++++ Given information

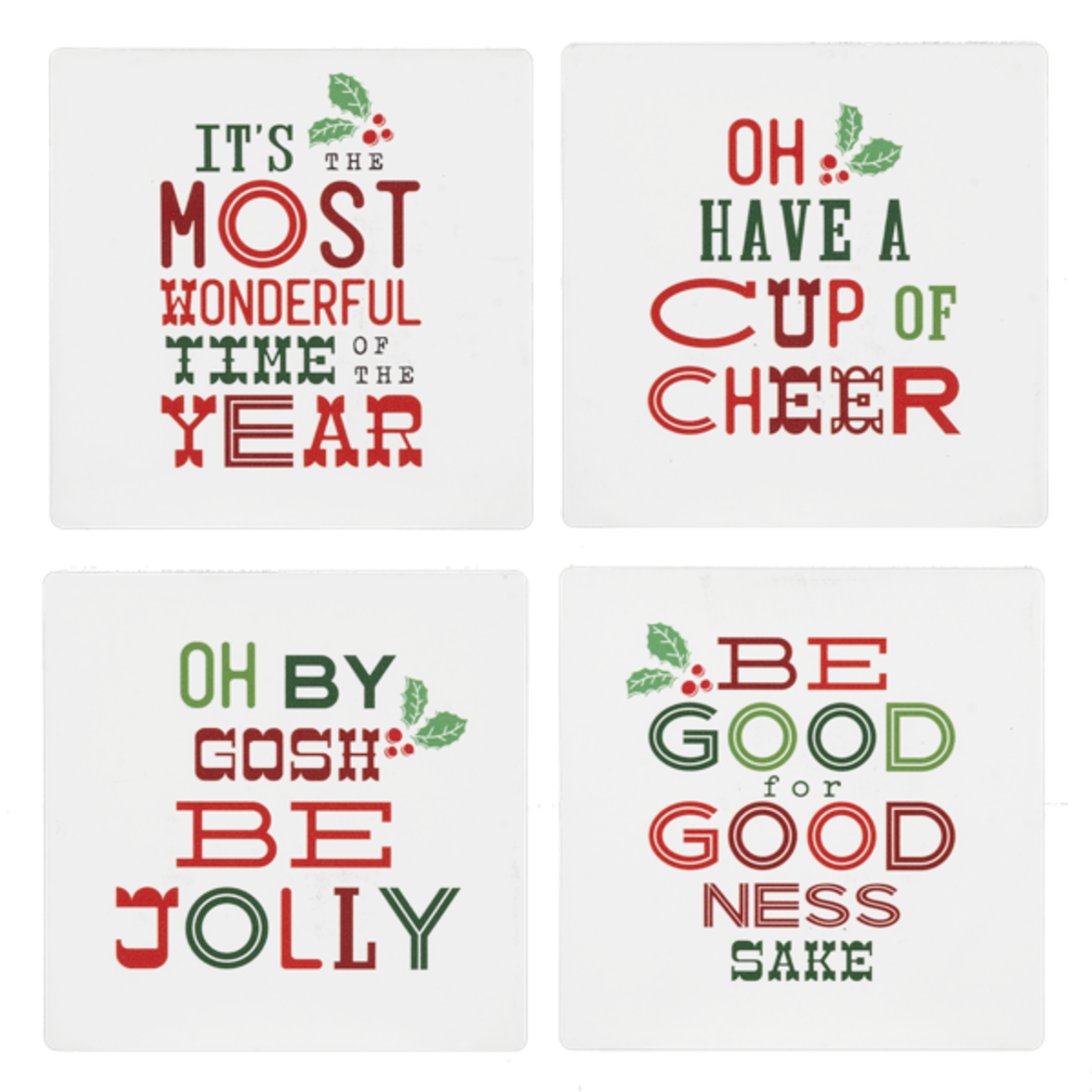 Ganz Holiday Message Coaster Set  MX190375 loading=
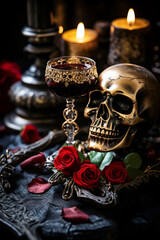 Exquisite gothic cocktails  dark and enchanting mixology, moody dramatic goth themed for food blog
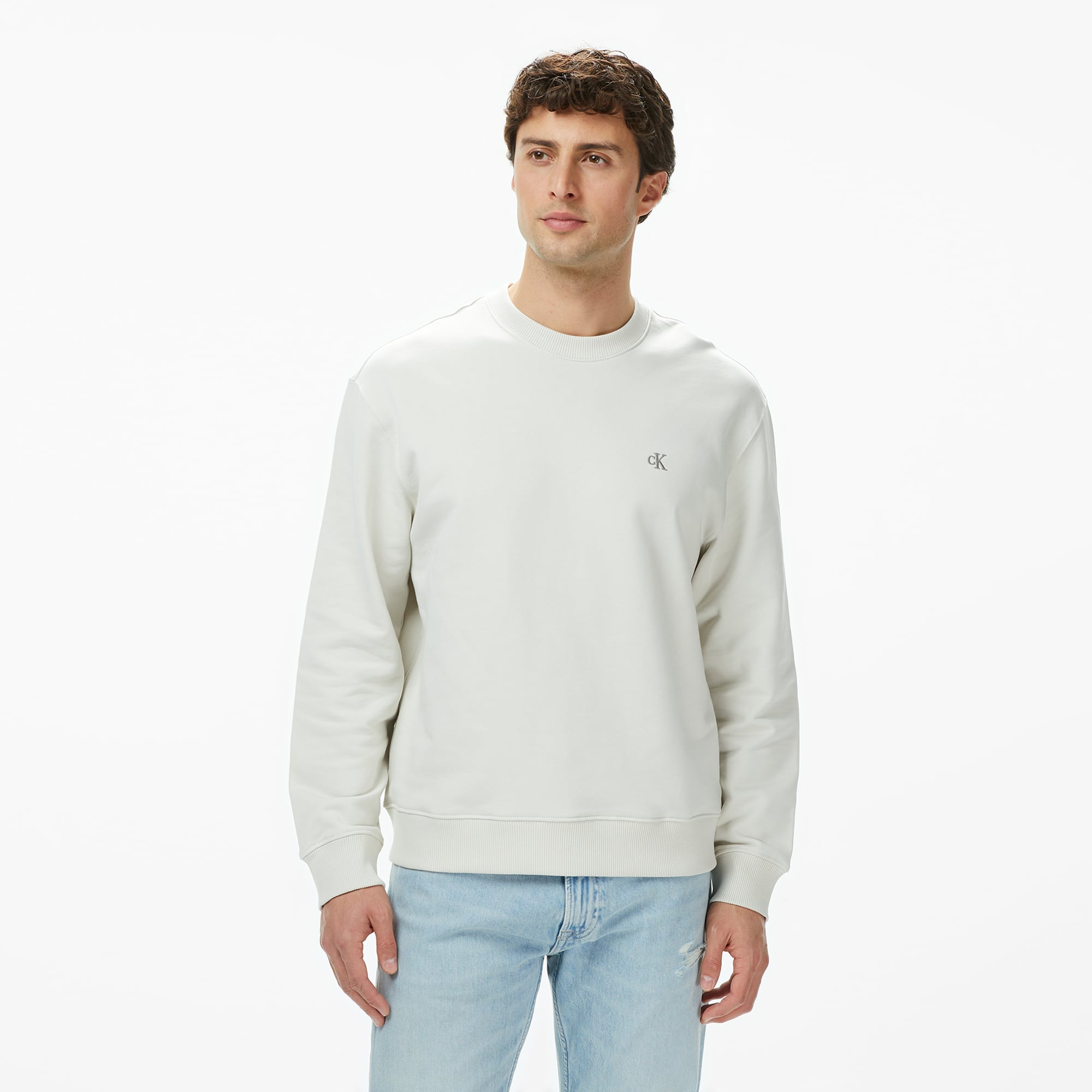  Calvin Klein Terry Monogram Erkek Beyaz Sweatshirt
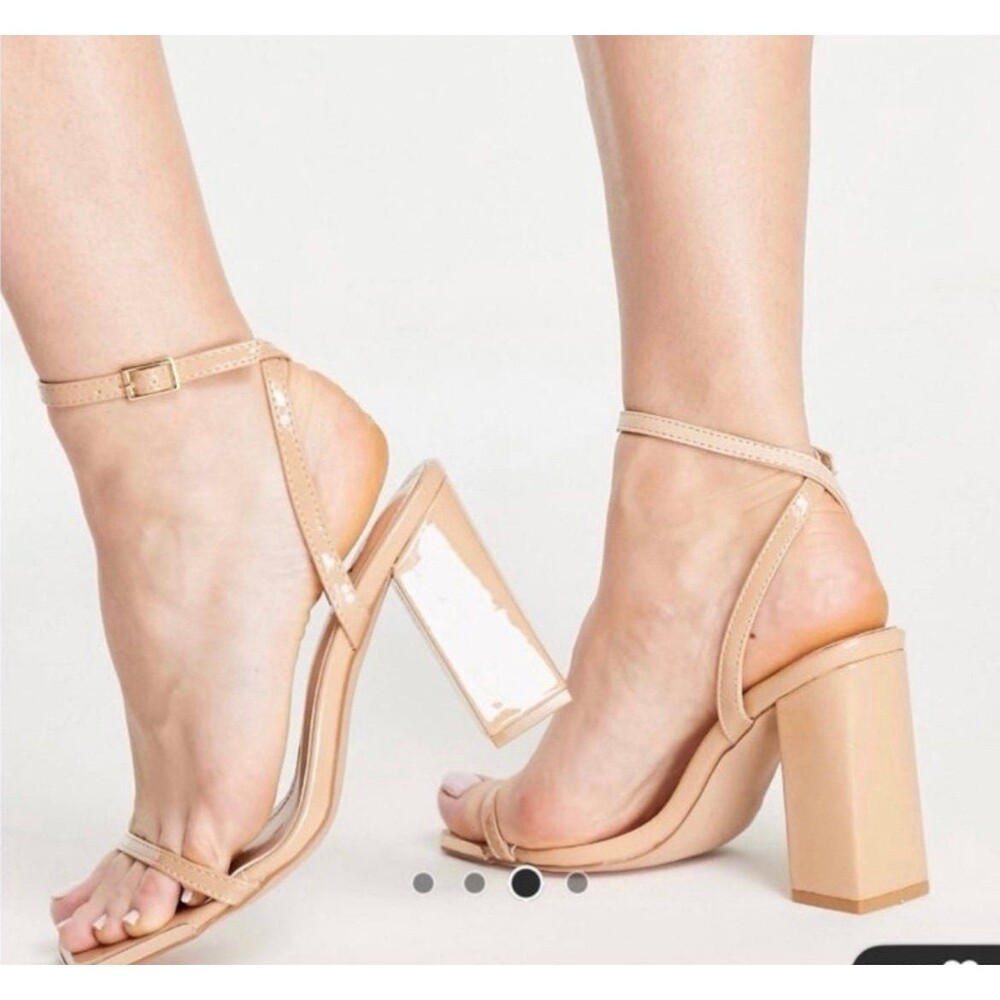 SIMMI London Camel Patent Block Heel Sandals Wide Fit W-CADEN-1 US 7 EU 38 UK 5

++++++++

• [Problem statement]: Wherever the listing shows a picture, omit it and output the rest exactly as given.

• [Result of this exercise]:
 Ganz Holiday Message Coaster Set  MX190375 loading=
 Exquisite gothic cocktails  dark and enchanting mixology, moody dramatic goth themed for food blog
  Calvin Klein Terry Monogram Erkek Beyaz Sweatshirt
 SIMMI London Camel Patent Block Heel Sandals Wide Fit W-CADEN-1 US 7 EU 38 UK 5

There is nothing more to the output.